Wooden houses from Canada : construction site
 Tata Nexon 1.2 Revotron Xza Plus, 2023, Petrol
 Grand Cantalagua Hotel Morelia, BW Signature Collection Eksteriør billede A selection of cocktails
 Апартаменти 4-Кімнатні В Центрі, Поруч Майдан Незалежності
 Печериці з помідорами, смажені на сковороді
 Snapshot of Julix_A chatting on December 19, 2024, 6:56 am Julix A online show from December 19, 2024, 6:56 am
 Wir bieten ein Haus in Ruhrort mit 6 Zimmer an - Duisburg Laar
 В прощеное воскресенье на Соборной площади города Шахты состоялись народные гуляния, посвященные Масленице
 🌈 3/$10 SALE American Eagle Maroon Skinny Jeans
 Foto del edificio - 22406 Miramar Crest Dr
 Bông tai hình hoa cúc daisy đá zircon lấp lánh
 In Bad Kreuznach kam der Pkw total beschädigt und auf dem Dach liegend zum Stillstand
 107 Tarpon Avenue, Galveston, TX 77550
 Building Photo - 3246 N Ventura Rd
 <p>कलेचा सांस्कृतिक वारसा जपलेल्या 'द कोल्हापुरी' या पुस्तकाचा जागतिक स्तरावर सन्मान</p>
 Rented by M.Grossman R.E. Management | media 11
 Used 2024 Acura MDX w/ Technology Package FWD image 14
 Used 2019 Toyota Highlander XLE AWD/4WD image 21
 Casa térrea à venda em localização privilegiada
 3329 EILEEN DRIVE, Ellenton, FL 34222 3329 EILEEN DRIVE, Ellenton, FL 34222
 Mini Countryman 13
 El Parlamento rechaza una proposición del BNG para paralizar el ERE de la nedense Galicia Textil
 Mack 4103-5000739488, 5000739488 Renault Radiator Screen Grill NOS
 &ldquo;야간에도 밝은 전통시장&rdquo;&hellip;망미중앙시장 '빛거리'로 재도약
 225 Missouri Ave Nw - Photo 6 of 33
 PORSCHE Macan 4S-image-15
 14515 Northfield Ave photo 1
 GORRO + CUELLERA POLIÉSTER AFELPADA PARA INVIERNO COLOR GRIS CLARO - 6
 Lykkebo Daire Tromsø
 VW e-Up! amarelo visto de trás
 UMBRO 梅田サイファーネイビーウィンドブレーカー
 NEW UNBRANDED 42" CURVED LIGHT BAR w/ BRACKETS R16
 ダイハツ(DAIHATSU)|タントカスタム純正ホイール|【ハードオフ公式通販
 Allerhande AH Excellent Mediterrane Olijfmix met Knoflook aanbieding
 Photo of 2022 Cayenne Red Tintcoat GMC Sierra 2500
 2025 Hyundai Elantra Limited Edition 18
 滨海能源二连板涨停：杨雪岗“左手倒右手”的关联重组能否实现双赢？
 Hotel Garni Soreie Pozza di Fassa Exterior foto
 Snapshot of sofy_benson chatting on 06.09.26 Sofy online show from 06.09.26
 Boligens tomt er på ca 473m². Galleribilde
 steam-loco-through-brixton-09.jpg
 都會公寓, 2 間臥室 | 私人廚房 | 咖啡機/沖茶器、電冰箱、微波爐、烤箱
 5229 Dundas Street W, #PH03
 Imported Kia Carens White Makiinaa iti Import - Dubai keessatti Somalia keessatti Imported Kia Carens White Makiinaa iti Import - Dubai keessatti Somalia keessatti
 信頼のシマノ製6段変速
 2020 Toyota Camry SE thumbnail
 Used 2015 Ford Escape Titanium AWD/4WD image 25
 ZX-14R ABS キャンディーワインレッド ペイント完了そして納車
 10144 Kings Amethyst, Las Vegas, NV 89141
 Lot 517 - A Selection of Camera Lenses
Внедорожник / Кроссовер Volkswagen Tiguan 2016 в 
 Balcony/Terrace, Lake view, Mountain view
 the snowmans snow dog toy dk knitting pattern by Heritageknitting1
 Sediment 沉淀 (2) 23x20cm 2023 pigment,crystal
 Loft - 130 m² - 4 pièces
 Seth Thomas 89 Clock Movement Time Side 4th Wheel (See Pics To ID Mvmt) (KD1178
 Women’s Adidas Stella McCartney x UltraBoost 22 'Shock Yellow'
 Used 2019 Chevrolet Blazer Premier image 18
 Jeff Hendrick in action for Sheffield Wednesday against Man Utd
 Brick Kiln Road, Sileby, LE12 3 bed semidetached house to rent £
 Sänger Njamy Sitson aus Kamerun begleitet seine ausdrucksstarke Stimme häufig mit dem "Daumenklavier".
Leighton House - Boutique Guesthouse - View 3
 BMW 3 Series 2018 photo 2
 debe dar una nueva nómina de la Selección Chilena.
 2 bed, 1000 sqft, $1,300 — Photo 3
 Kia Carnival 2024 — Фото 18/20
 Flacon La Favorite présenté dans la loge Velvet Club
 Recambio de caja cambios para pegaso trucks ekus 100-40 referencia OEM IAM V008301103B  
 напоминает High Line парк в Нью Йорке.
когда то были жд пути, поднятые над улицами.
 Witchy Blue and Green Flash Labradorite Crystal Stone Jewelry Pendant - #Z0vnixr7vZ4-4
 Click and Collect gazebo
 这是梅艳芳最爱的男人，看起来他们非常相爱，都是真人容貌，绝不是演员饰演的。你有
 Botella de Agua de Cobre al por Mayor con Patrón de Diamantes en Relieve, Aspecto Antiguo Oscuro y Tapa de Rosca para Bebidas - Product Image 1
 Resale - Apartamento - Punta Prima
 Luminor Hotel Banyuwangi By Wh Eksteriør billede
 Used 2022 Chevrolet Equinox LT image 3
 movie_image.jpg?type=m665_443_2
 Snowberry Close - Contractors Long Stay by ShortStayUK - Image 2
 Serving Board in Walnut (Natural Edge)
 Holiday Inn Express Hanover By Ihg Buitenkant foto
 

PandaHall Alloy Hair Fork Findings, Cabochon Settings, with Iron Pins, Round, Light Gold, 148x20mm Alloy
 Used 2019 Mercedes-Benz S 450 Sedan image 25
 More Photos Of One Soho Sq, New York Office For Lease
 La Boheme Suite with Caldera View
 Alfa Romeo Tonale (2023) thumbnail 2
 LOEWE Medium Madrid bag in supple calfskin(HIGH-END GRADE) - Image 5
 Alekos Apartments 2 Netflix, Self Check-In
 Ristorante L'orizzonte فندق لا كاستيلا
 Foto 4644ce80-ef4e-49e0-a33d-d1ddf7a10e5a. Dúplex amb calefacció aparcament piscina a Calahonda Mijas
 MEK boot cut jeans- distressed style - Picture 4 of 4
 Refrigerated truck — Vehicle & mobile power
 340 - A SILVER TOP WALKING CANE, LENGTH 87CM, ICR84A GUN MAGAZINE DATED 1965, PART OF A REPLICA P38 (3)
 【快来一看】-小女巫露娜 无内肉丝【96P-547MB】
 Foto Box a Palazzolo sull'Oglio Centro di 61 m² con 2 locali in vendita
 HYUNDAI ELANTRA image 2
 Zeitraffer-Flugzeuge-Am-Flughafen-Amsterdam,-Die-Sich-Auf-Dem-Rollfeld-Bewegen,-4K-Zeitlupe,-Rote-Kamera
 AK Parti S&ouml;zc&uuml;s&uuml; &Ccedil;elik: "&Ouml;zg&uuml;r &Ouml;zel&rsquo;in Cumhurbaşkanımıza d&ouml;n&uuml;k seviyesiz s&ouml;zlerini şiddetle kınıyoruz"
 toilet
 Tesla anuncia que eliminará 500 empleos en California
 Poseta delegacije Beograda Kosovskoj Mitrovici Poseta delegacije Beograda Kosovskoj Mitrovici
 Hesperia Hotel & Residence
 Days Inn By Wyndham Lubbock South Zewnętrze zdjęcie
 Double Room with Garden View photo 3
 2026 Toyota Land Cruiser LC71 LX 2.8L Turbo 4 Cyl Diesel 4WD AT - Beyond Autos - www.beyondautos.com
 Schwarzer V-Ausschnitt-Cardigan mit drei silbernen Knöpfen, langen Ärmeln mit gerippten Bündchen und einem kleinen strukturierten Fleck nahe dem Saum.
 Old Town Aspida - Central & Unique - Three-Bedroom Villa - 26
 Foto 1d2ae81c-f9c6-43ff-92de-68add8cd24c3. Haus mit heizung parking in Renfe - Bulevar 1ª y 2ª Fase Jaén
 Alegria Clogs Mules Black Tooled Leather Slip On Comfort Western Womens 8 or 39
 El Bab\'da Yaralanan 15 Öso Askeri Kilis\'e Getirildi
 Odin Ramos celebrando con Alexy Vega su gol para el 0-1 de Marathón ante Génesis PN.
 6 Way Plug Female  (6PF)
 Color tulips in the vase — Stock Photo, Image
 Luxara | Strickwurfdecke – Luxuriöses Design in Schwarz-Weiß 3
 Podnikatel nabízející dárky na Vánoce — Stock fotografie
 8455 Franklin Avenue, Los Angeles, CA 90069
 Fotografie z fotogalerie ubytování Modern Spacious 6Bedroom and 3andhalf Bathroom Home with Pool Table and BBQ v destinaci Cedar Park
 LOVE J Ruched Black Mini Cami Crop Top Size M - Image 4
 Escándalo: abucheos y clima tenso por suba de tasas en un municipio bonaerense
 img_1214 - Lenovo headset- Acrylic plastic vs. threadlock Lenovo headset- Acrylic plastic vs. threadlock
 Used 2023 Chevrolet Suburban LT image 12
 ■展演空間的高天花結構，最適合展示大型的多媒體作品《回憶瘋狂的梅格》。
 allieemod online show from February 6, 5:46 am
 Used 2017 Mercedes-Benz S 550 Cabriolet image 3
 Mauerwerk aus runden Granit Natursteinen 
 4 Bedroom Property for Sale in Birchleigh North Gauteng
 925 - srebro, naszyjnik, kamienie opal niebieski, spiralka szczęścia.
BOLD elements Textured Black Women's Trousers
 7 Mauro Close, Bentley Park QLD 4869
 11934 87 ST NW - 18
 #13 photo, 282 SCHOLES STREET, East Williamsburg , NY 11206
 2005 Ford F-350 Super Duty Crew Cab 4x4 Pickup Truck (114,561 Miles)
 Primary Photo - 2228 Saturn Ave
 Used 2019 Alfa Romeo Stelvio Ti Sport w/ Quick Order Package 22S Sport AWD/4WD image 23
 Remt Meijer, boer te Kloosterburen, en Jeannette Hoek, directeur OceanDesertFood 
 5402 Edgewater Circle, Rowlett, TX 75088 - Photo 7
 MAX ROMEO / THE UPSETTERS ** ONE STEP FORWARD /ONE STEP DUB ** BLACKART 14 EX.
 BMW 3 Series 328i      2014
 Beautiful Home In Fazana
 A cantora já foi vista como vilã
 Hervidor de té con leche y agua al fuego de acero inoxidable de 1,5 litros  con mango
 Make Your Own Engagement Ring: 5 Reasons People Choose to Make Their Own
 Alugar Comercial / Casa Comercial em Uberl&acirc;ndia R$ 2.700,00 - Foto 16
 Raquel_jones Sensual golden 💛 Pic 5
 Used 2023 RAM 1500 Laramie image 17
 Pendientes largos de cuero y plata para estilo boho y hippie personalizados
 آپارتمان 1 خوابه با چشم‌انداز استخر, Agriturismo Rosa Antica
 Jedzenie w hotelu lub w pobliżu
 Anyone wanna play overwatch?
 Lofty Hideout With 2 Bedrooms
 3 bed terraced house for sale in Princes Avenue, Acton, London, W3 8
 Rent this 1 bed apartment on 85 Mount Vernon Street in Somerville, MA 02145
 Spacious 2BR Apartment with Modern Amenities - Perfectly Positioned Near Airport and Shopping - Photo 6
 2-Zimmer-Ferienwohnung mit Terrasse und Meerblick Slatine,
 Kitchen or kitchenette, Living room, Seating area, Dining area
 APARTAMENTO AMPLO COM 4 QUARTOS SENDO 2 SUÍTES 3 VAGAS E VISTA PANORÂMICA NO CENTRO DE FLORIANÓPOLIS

Work to complete.
Give again, word for word, every line of the listing above from the one with "Foto 4644ce80-ef4e-49e0-a33d-d1ddf7a10e5a. Dúplex" to the one with "Foto Box a Palazzolo", both inclusive, and nothing beyond them.

Problem solution.
 Foto 4644ce80-ef4e-49e0-a33d-d1ddf7a10e5a. Dúplex amb calefacció aparcament piscina a Calahonda Mijas
 MEK boot cut jeans- distressed style - Picture 4 of 4
 Refrigerated truck — Vehicle & mobile power
 340 - A SILVER TOP WALKING CANE, LENGTH 87CM, ICR84A GUN MAGAZINE DATED 1965, PART OF A REPLICA P38 (3)
 【快来一看】-小女巫露娜 无内肉丝【96P-547MB】
 Foto Box a Palazzolo sull'Oglio Centro di 61 m² con 2 locali in vendita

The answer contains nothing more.